• _Entries shown_
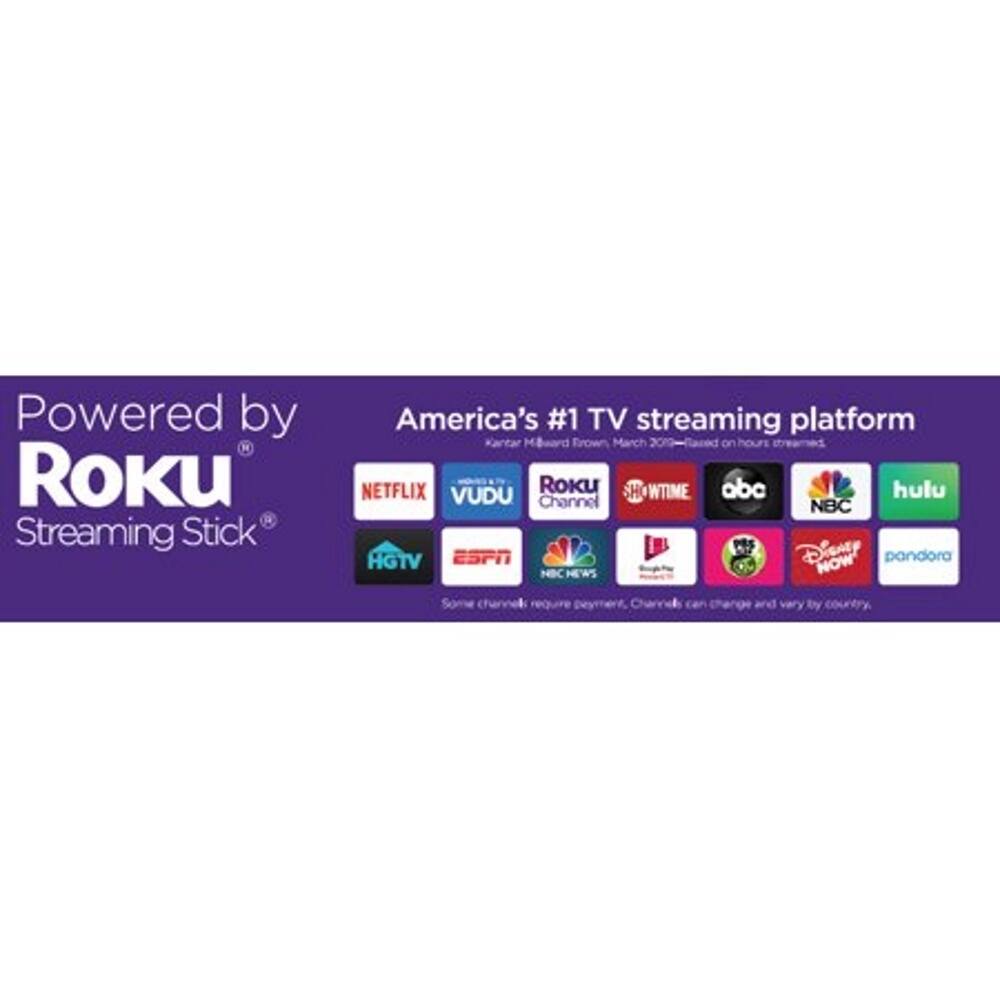 Powered by Roku Streaming Stick  
America's #1 TV streaming platform  
Kantar MiBward Frown March 2020  
Based on hours streamed  
NETFLIX  
VUDU  
SHOWTIME  
abc  
hulu  
NBC  
ESPN  
Disney NOW  
pandora  
HGTV  
NBC NEWS  
Channel  
Some channels require payment. Channels can change and vary by country.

• _Work required_
Quote the preceding records in their entirety, excluding every picture.

• _Completed task_
 Powered by Roku Streaming Stick  
America's #1 TV streaming platform  
Kantar MiBward Frown March 2020  
Based on hours streamed  
NETFLIX  
VUDU  
SHOWTIME  
abc  
hulu  
NBC  
ESPN  
Disney NOW  
pandora  
HGTV  
NBC NEWS  
Channel  
Some channels require payment. Channels can change and vary by country.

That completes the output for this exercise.